Why is a Full Moon So Bright?

Have you ever been outside on a clear night, when there was a full moon? If so, you probably noticed that it was incredibly bright, almost ten times brighter than a half moon. How can that be? Shouldn't a half moon be half as bright as a full moon? To find out, you will need:

• a ball, or some other round object
• a lamp or flashlight

The lamp will simulate the Sun, and the ball will simulate the moon. You are going to be the Earth. Lets start with a full moon. Darken the room by turning off the lights, and closing the window shades. Turn on the lamp, and sit with your back to it. Hold the ball out in front of you, so the entire surface of the ball seems well lit. This is how the moon is positioned during a full moon, on the opposite side of the Earth from the Sun. Notice how the light from the Sun (the lamp) is reflecting off the moon (the ball) back to you, making it look very bright.

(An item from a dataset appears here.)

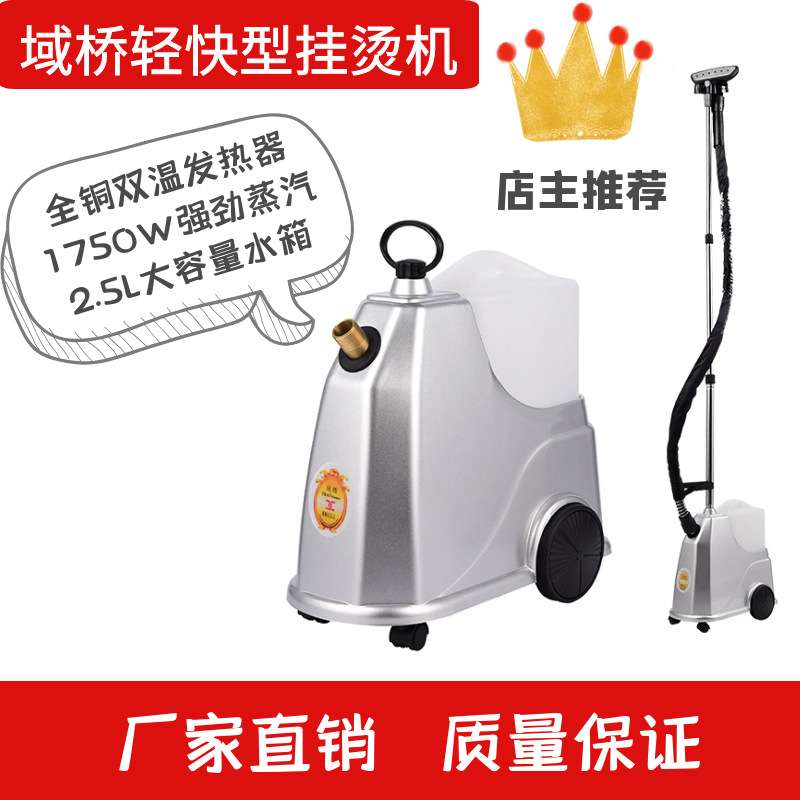 域桥轻快型大功率蒸汽挂烫机家用手持挂式电熨斗商用服装店熨烫机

OK, now lets switch to a half moon, also known as either a first quarter moon or a third quarter moon. To see that, turn in your chair so that the Sun (the lamp) is directly to your left. Again, hold the ball out in front of you. The side of the ball that faces the lamp is still fully lit, but you can only see half of it. The side of the ball that is away from the lamp is dark, and you can see half of that. It should look much like the photograph of the half moon.

Notice that even the lighted part of the ball is not as bright as it was when you simulated the full moon. That is because most of the light is still reflecting back towards the lamp, just as it was before. The difference is that you are not between the lamp and the ball, so that reflected light is not coming towards you.

If you want to compare the actual brightness of the different phases of the moon, do an internet search for "printable eye chart", or make your own. It should have very large letters at the top, and they should get smaller as you go down the page. Print that page, and find a place outside where there are no lights shining on you except for the moon. Notice what phase it is in, and then see how far down the chart you can read, using moonlight for illumination. On a clear night, with a full moon, you should be able to read several of the top lines of letters. A week later, at the half moon, try it again. Be sure that the moon is about the same height in the sky. You will find that it is much harder to see the letters, because there is much less light. You might even try it every night, to see how much it changes from day to day. Does it change the same amount every day? Can you figure out why? Might make a good science fair project.